"So then I was having a Queen marathon in my office, and I realized that a big chunk of real estate in my brain is filled with Queen lyrics and not, say, algebra."
"Pfft. No one uses algebra. You're putting that space to good use."
"I need a black shirt."
"All of your shirts are black."
"I don't have a nice black shirt. Like, a fancy one."
"What exactly would constitute a fancy shirt?"
"Ruffles. And buttons."
"As opposed to the one that you have that ONLY has ruffles, and the one that ONLY has buttons?"

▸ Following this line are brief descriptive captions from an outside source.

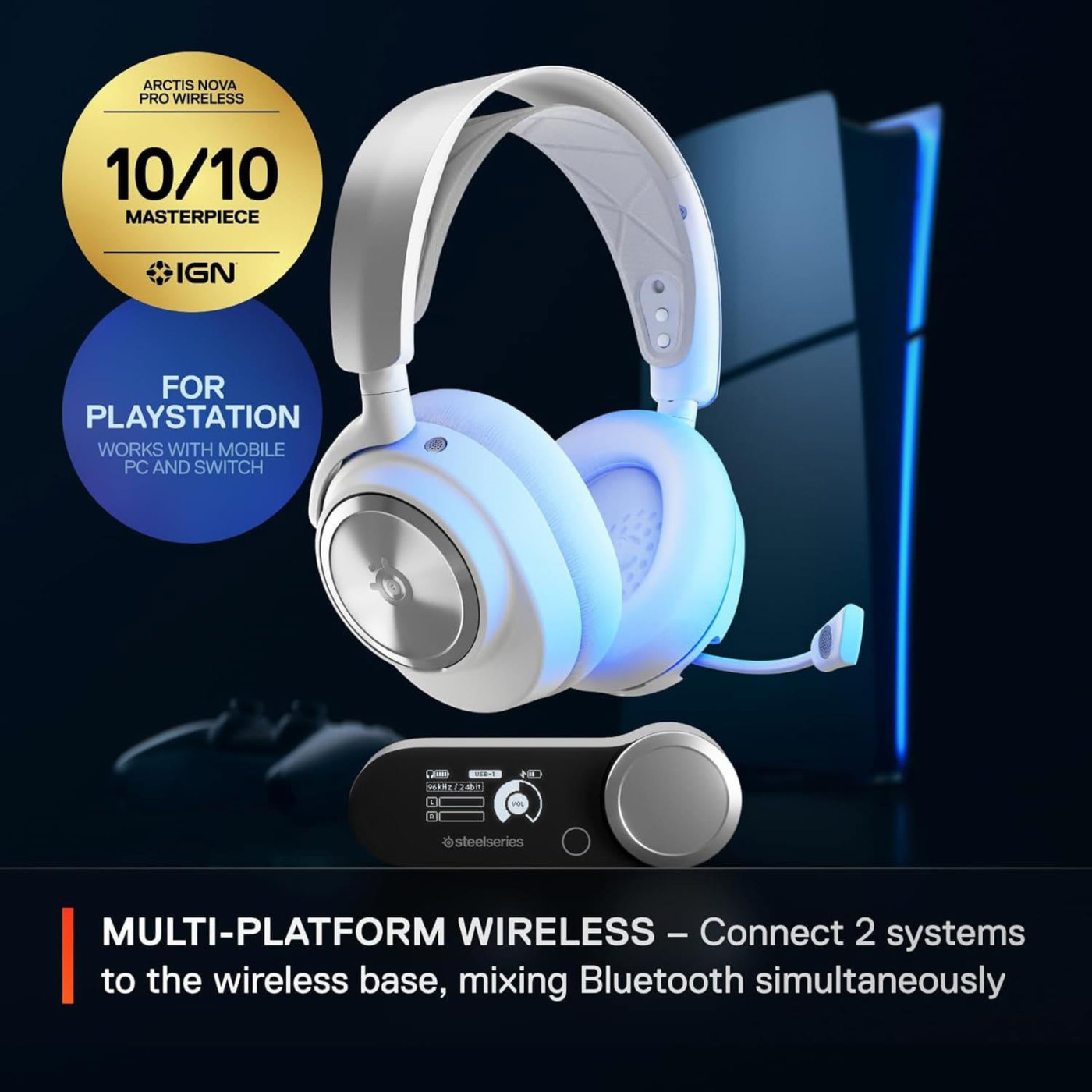 Игровая гарнитура SteelSeries Arctis Nova Pro Wireless P White (61526)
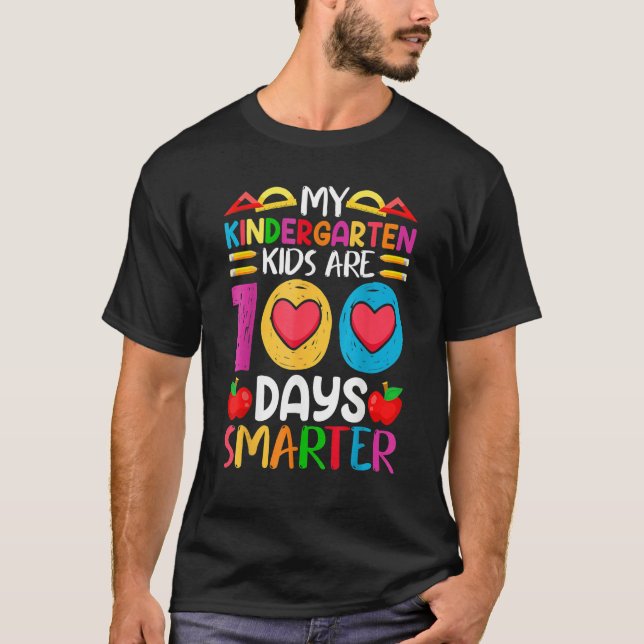 Camiseta Funny 100 Days Of School And Still Poppin Kinderga (Anverso)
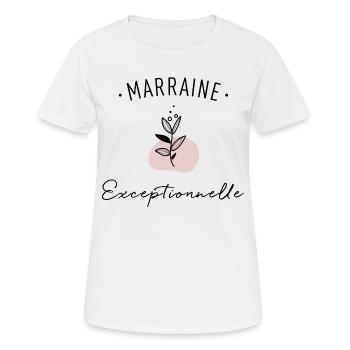 Marraine Exceptionnelle - T-shirt respirant Femme - blanc - Devant - AI Model Female 172 dark (172cm)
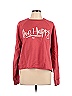 Natural Life Graphic Solid Red Pink Sweatshirt Size L - photo 1
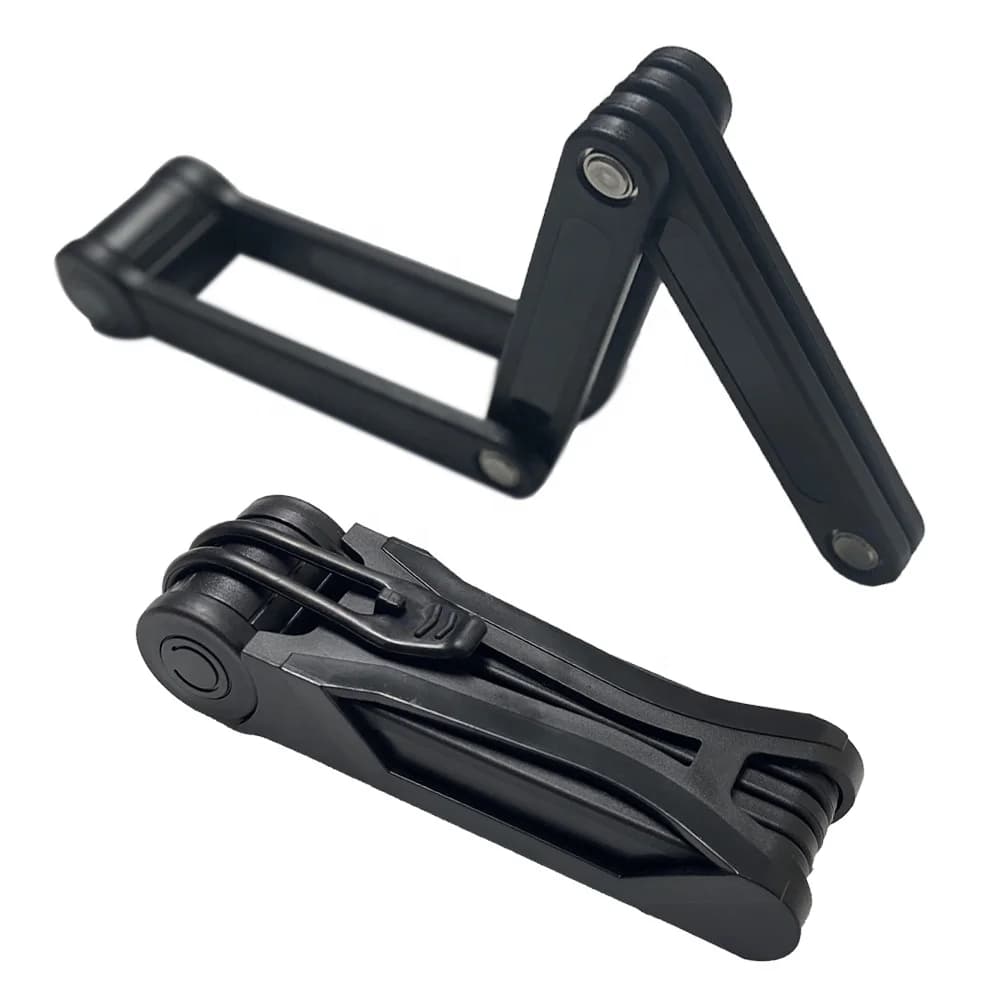 Heavy Duty High Security Folding Protection Anti-theft Bicycle Lock with Key Motorcycle Bicycle Accessories Chain Lock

"You say that like it's weird."
"Goodness, what AM I thinking?"
"What did you do during lunch?"
"Put on makeup."
"Why would you do that?"
"I was having a craptastic morning. Nothing lifts a mood as quickly as black mascara, red lipstick, and big ass earrings."
"Some people do yoga."
"And some of us get FANCY. Whatevs."
"Dear God in Heaven, what happened to that Transformer?"

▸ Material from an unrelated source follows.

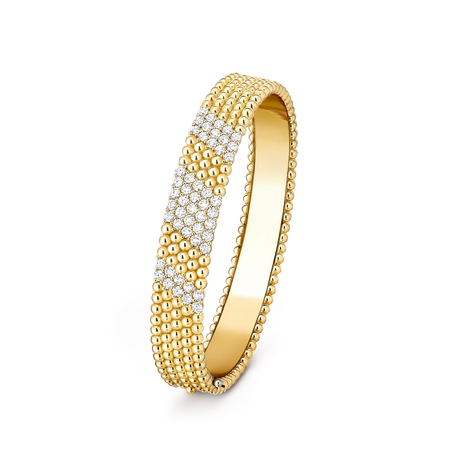 [LOXURA]  FIVE-ROW DIAMOND BRACELET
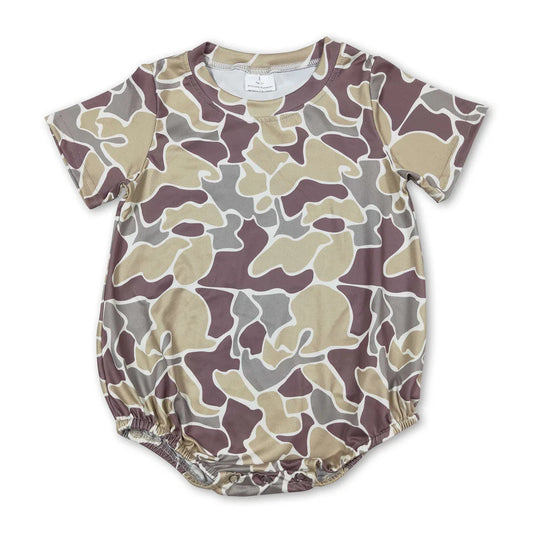 INFANT BOY'S CAMO SHORT SLEEVE ROMPER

"He was. Um. Attacked by Decepticons. Decepticons with a giant laser? That trapped him in a state between robot and machine. VERY UNFORTUNATE."
"You threw away the instructions and can't transform him."

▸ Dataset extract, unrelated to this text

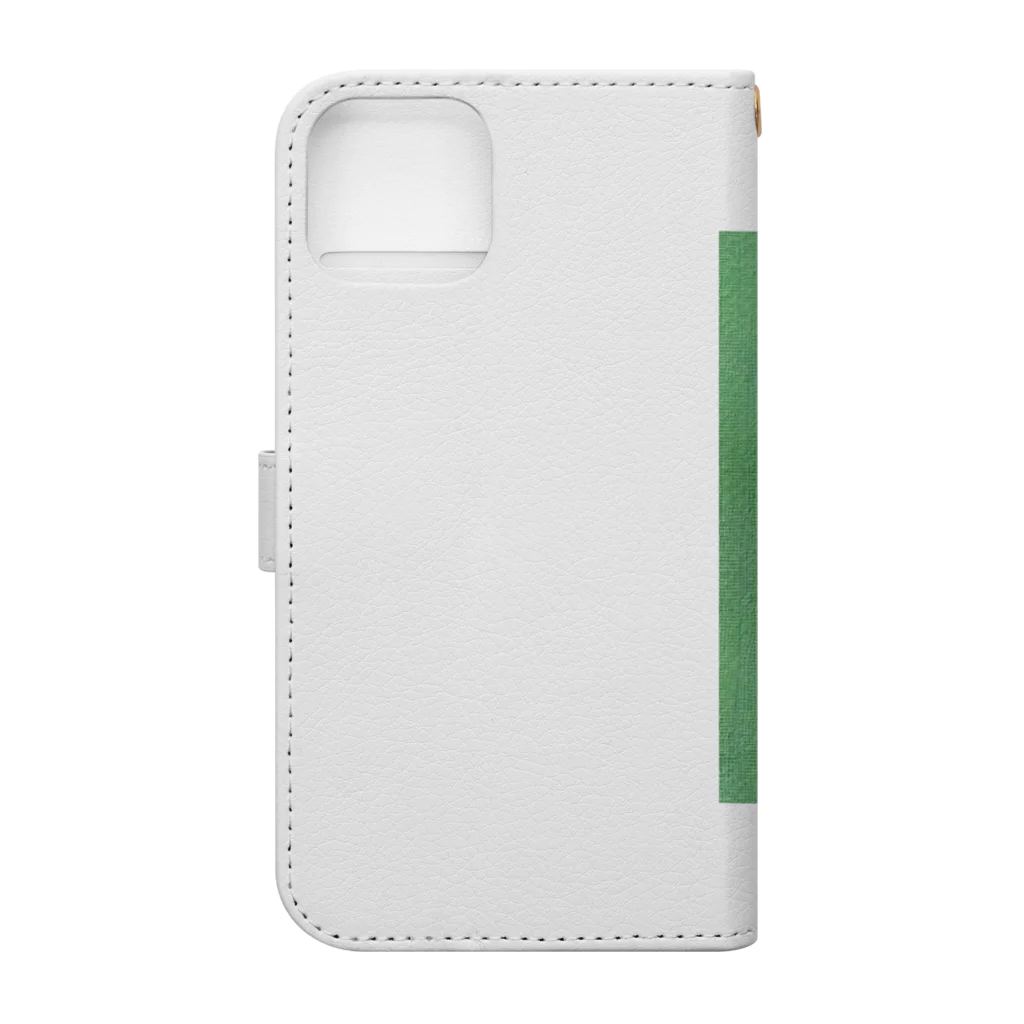 フラワーアイテムのグリーンバックのグリーンブーケ Book-Style Smartphone Case :back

"What do I look like, an engineer? HOW ARE THESE TOYS FOR CHILDREN? I can't figure it out and now he's stuck."
"Were you just singing 'Every Rose Has Its Thorn' into a HIGHLIGHTER?"
"NO! ... Yes. It's not a highlighter. It's a very yellow microphone."
"You are so weird."
"The imaginary crowd LOVED it. I got a standing ovation."
"And whatever will your encore be?"
"I was thinking 'Fallen Angel' but I'm willing to take requests."